Colorado passes first law in the US to ban arrests based solely on colorimetric drug tests

4 comments

  1. patience_limited
    Link
    Long ago, I worked in an environmental analytical lab. To participate in EPA certification, we regularly got blind samples (no labeling indicating it was a certification test) sent through which...

    Long ago, I worked in an environmental analytical lab. To participate in EPA certification, we regularly got blind samples (no labeling indicating it was a certification test) sent through which we had to chemically identify accurately 100% of the time, and achieve at least 95% accurate quantitative results. [I found this out the hard way because I didn't let a refrigerated sample fully equilibrate at room temperature, and it threw off the quantitative measurement on a colorimetric test, causing a probation on the EPA cert...]

    The spot colorimetric tests described are basically crap - they're not specific, the presence/absence detection is subjective. It's the nature of chemistry that factors like temperature, substance mix or medium (liquid, solid, powder, etc.), quantity tested, all impact the results. Even the manufacturers admitted the tests aren't evidential.

    Even when the "evidence" gets to a secondary analysis, police laboratories are regulated at the state level, if at all. The number of forensic lab scandals suggests there's little or no process for external validation of analytical quality.

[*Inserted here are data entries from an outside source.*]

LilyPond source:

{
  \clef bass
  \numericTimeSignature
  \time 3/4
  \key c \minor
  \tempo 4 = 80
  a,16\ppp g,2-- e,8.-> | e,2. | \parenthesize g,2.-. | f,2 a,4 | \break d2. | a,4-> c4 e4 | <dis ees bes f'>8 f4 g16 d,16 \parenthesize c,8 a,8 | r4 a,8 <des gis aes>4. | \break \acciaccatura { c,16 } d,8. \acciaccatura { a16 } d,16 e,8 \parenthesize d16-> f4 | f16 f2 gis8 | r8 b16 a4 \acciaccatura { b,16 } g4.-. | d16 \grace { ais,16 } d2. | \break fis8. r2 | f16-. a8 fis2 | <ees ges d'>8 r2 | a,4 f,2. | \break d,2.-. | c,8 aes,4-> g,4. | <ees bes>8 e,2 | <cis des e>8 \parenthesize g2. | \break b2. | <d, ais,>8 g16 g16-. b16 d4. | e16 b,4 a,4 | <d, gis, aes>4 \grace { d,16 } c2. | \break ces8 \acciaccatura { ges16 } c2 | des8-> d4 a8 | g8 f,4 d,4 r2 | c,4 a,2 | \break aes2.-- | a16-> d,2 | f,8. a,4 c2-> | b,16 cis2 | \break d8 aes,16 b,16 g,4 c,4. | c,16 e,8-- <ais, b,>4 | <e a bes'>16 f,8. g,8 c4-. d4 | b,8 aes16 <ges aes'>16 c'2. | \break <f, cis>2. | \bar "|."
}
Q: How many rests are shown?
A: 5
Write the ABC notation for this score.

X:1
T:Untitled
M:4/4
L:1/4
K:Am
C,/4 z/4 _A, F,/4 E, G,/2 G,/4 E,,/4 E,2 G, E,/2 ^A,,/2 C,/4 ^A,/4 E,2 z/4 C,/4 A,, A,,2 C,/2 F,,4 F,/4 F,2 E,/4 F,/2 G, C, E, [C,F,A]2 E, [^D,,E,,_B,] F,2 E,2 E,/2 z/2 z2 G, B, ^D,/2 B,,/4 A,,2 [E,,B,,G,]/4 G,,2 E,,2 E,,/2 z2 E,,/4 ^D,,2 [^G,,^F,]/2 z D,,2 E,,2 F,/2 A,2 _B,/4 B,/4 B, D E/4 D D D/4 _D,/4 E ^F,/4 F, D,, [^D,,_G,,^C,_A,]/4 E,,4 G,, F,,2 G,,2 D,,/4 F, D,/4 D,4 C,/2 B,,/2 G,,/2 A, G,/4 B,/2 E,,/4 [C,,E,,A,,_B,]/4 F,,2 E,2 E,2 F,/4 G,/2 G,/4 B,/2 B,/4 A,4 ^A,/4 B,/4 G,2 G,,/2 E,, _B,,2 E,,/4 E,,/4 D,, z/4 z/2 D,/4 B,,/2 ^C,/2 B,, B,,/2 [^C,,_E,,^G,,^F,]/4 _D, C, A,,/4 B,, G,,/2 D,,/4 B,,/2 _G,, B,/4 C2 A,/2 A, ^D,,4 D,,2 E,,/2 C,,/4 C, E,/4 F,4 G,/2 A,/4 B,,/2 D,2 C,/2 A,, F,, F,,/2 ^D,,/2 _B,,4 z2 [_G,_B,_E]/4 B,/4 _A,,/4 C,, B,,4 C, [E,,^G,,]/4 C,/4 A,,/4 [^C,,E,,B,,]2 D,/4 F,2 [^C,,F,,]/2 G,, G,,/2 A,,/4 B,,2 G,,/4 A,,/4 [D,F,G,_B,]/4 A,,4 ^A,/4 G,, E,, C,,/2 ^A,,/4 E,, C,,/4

    Yes, illicit drug abuse and trafficking has a high social cost. It's worth investigating in the context of potential impaired driving or other crimes meeting the probable cause search standard. But I can't see that it's worth the magnitude of injustice and social harm that flawed testing can cause.

    17 votes
  2. [3]
    skybrian
    Link
    From the article:

    From the article:

    Colorado just enacted the nation’s first law banning arrests based solely on the results of colorimetric drug tests – a field test widely used by law enforcement across the country.

    The tests are popular because they’re cheap, portable and can screen for drugs in mere minutes. It’s just not feasible to send all suspected drug samples to state laboratories, which would be far more expensive and could take days or weeks to return results.

    But these inexpensive tests also lead to false positives at alarming rates, researchers from the University of Pennsylvania found.

    While the actual error rate nationwide is unknown, previous studies by manufacturers have put it around 4%. But the UPenn researchers believe the actual rate is much higher, from 15% to 38%. And a study by the New York City Department of Investigation showed test error rates from 79% to 91% in some correctional settings.

    12 votes
    1. [2]
      sparksbet
      Link Parent
      Oh god, even 4% is pretty high for how much these are used (an error rate that seems low can end up being unacceptably high in absolute terms depending on the size of the population), but if the...

      Oh god, even 4% is pretty high for how much these are used (an error rate that seems low can end up being unacceptably high in absolute terms depending on the size of the population), but if the rates are really that much higher, I hope we see more bans like this in the future.